A convolutional neural network (CNN) is a special kind of neural networks that has been widely applied to a variety of pattern recognition problems, such as computer vision, speech recognition, etc. The CNN was first inspired by [Hubel & Wiesel 62] and continually implemented by many researchers. Some successful implementations of CNN are NeoCognitron [Fukushima 80], LeNet5 [Lecun & Bottou+ 98], HMAX [Serre & Wolf+ 07], AlexNet [Krizhevsky & Sutskever+ 12], GoogLeNet [Szegedy & Liu+ 15], ResNet [He & Zhang+ 15], etc.

Here, we only focus on two dimensional convolutional neural networks. The basic idea of CNN is to build invariance properties into neural networks by creating models that are invariant to certain inputs transformation. This idea originates from a problem that often occurs in the feed forward neural networks, especially multilayer feed forward neural network (MLP). The problem is all MLP layers fully connected to each other. It removes the spatial information of the inputs which are needed for the computational.

Unlike the ordinary neural networks, CNN has a special architecture. The architecture of CNN usually is composed of a convolutional layer and a sub-sampling layer as presented in Figure 1. The convolutional layer implements a convolution operation, and a sub-sampling operation was done in the sub-sampling layer. Here, the sub-sampling is also known as a pooling. CNN is built based on three basic ideas, i.e., local receptive fields, weight sharing, nd pooling.

Figure 1: The architecture of a standard CNN [Bishop 06]. It shows a convolutional layer and is followed by a pooling layer. Several combinations of those layers can be used.

Local receptive ftelds

In the feed forward neural network, the input is fully connected to the next hidden node for every neuron. In contrast, the input of CNN only makes the connection within a small region. Each neuron in a hidden layer will be connected to a small field of the previous layer, which is called a local receptive field. For example, if the field has a 3 × 3 area, a neuron of the first convolutional layer is corresponding to 9 pixels of the input layer. Figure 2 illustrates the small coloured box as the local receptive fields, and the coloured lines represent where the neuron is connected to.

Figure 2: An example of local receptive fields on a convolutional layer.Weight sharing

Weight Sharing

In the convolutional layer, the neurons are organized into multiple parallel hidden layers, which so-called feature maps. Each neuron in a feature map is connected to a local receptive field. For every feature map, all neurons share the same weight parameter that is known as filter or kernel. For instance, Figure 3 describes when an input of 32 × 32 pixels is trained by a convolutional layer with filter 3 × 3 and 5 feature maps.

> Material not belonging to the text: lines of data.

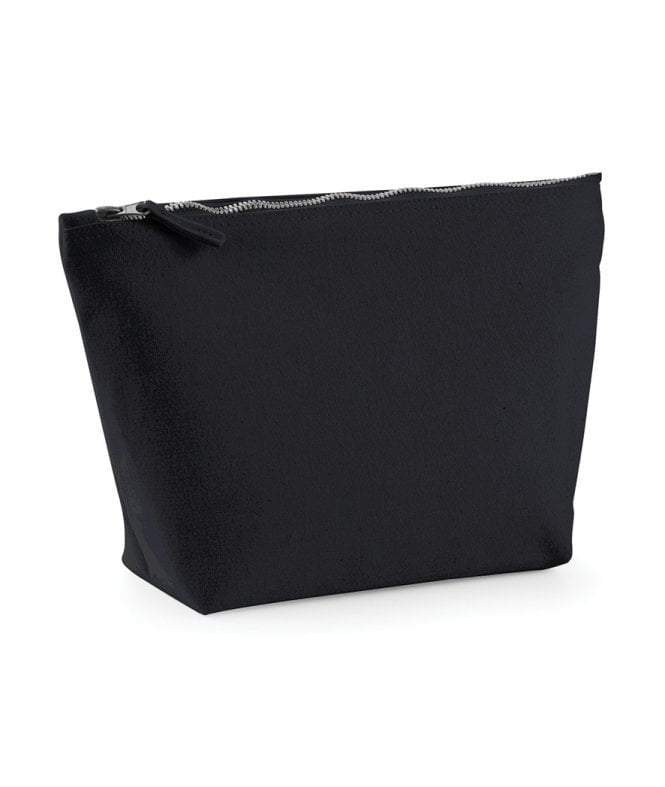 Pochette con Fondo in Cotone con zip in metallo Col. Nero - Personalizzabile - Misure Varie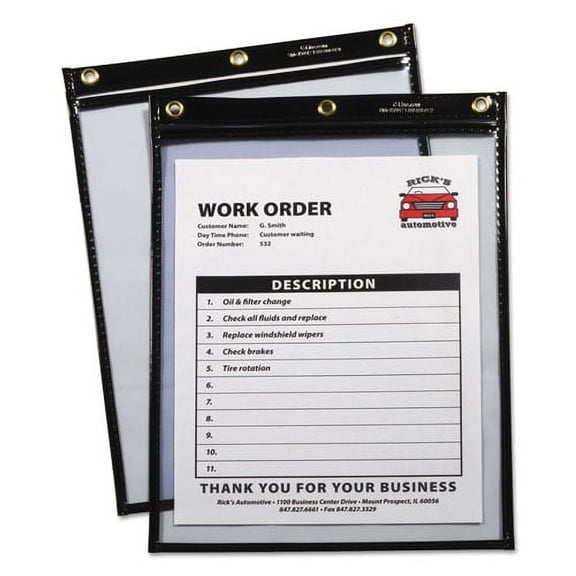 Heavy-Duty Super Heavyweight Plus Stitched Shop Ticket Holders, Clear/Black, 9 X 12, 15/Box | Bundle of 2 Boxes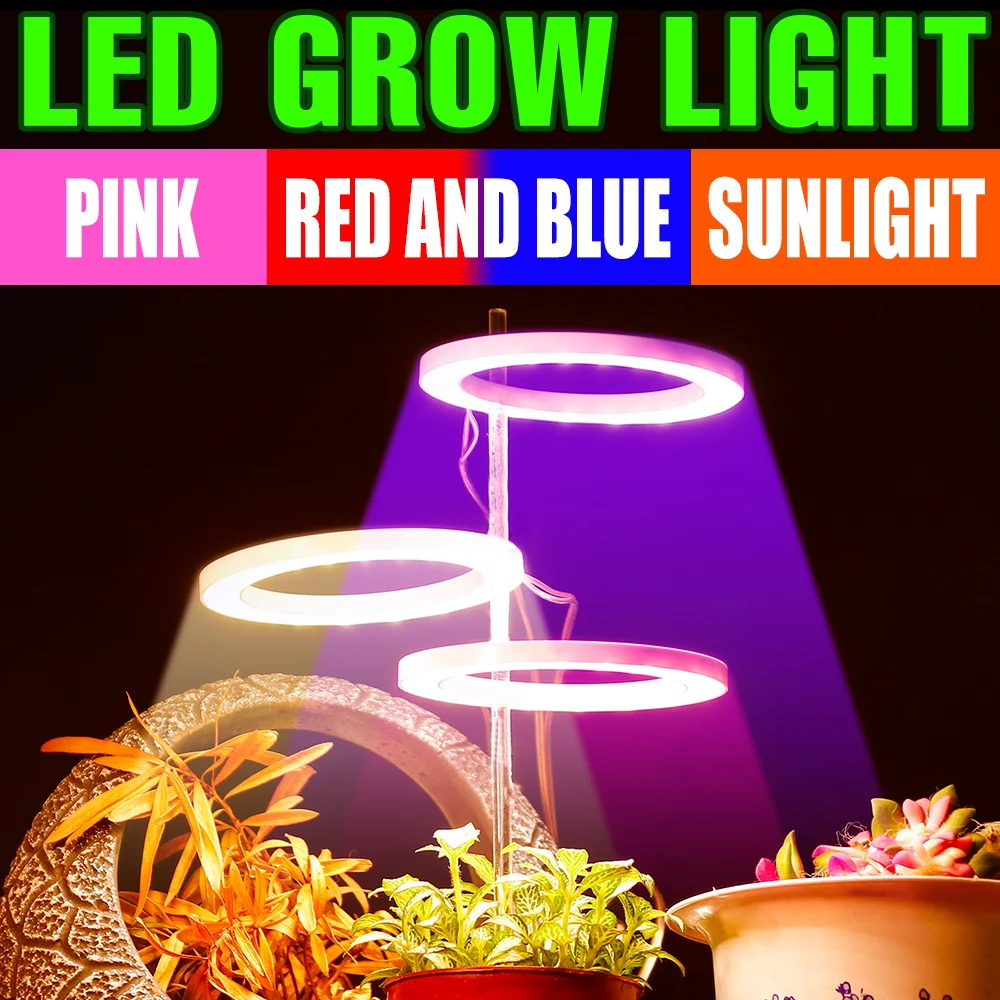 

LED Dimmable Grow Light USB 5V Phyto Lamp Full Spectrum Plant Light Hydroponics Bulb LED With Switch Cultivo Indoor Growth Lamp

Figure 3: An example of a convolutional layer. The filter size is 3 × 3 and 5 feature maps.

Pooling

As described earlier, a CNN contains not only convolutional layers, but sometimes also pooling layers. When there is a pooling layer, it is usually used immediately after a convolutional layer. It means the outputs of the convolutional layer are the inputs to the pooling layer of the network. The idea of a pooling layer is to generate translation invariant features by computing statistics of the convolution activations from a small receptive field that corresponds to the feature map. The size of a small receptive field in here depends on the pooling size or kernel pooling. An example of how it works for each feature map is illustrated in Figure 4. If there are more than a single feature map, Figure 5 describes the example of that case.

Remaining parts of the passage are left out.